BBC News Brasil – Lula tem tido alguns encontros com empresários. Como está o clima na elite econômica com relação a essa aproximação e a possibilidade de vitória do petista?
Nunes – Há 20 dias, eu estive uma semana inteira em Nova York (EUA) a convite do banco Genial dando palestras para grupos de investidores internacionais que têm interesse no Brasil. O que eu pude perceber lá é que há um movimento de uma certa precificação da possibilidade do Lula ser presidente de novo.
Ao contrário do que aconteceu em 2002, quando houve uma especulação financeira enorme (diante da perspectiva de eleição do Lula) que gerou instabilidade no país, esse ano eu vi um cenário diferente. Achei que os investidores internacionais aceitariam com uma certa naturalidade uma eventual vitória do Lula. Não ficariam chateados se o Bolsonaro vencesse, mas também não tem qualquer tipo de rejeição forte a um possível terceiro governo Lula.
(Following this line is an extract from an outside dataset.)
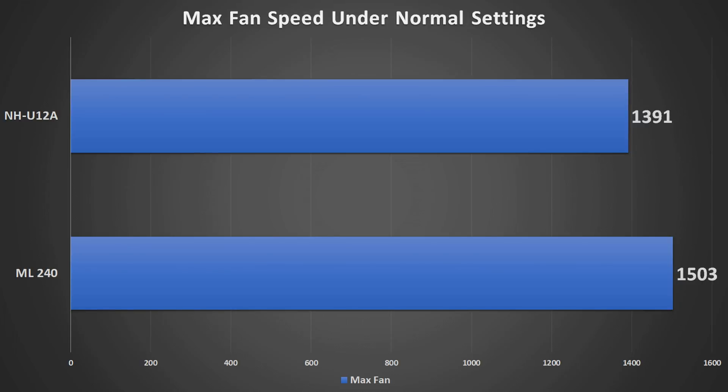On fan speeds, the Noctua managed to achieve those results at lower RPM — about 110–115 RPM lower — while taking up less room in the case. That said, this is one scenario, so maybe later we'll strap the NH-U12A to an i9-9900K if that's something you'd like to see. Drop that in the comments below and I might take a look at it.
Eu acho que isso se replica também nos setores econômicos brasileiros. A reação desses setores é de compreender que há uma possibilidade real de que o Lula seja presidente novamente, e com isso as pessoas já precificam esse processo, o que acaba criando um cenário normal para essa mudança política de um presidente mais à direita, para um presidente mais à esquerda.
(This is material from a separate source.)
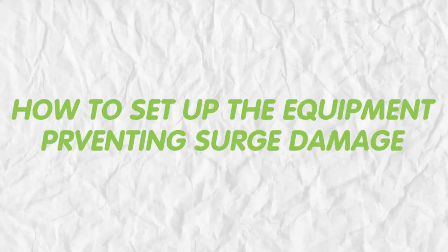If your IP camera just lost video during lightning after a storm, the camera is probably damaged by the surge. Although a camera getting hit directly by lightning is quite rare, there's still a chance the whole system will get the surge and damage the IP cameras. In this video, I'm going to talk about how to set up the equipment to prevent surge damage.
BBC News Brasil – O fato de Lula já ter sido presidente, com um governo pragmático, contribui para essa aceitação?
Nunes – É uma mistura da memória que as pessoas têm do governo, mas também pelas escolhas que ele está fazendo. A escolha do Alckmin (como candidato a vice-presidente) é um exemplo disso. E Lula tem dado declarações públicas em reuniões com empresários de que quer voltar a gerar estabilidade no país. São sinais de discurso e de posicionamento que acabam ajudando na formatação de uma visão menos crítica. Embora, isso não queira dizer, nem no caso da população, nem no caso da elite brasileira, que haja qualquer perdão em relação a escândalos de corrupção.
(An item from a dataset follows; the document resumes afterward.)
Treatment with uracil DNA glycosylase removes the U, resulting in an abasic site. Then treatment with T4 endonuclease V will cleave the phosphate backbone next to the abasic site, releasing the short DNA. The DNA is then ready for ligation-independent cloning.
Eu gosto sempre de lembrar que metade da minha amostra (das pesquisas eleitorais da Quaest) diz que o Lula foi corretamente punido pela Lava Jato. Não é que as pessoas perdoaram, acham que ele virou inocente. É que na opinião delas, e eu acho que isso se estende ao mercado financeiro, as escolhas do governo Bolsonaro são piores do que as escolhas de um eventual terceiro governo Lula.
BBC News Brasil – O governo Bolsonaro tem resultados econômicos ruins e se afastou da agenda liberal. Por que sua percepção é que o mercado não ficaria chateado com a vitória de Bolsonaro?
Nunes – Os investidores internacionais olham para o governo e reconhecem que o governo fez uma arrumação econômica que veem como positiva. Estou dizendo o que eu ouvi, principalmente na atuação do Banco Central, eles acham que houve mais acertos do que erros. Muitos elogiam o ministro Paulo Guedes. Então, não há uma rejeição do mercado financeiro a uma possível continuidade do Bolsonaro, mas, hoje, o meu sentimento é que eles preferem que o Lula volte ao governo, principalmente pela questão da estabilidade política que ele poderia gerar.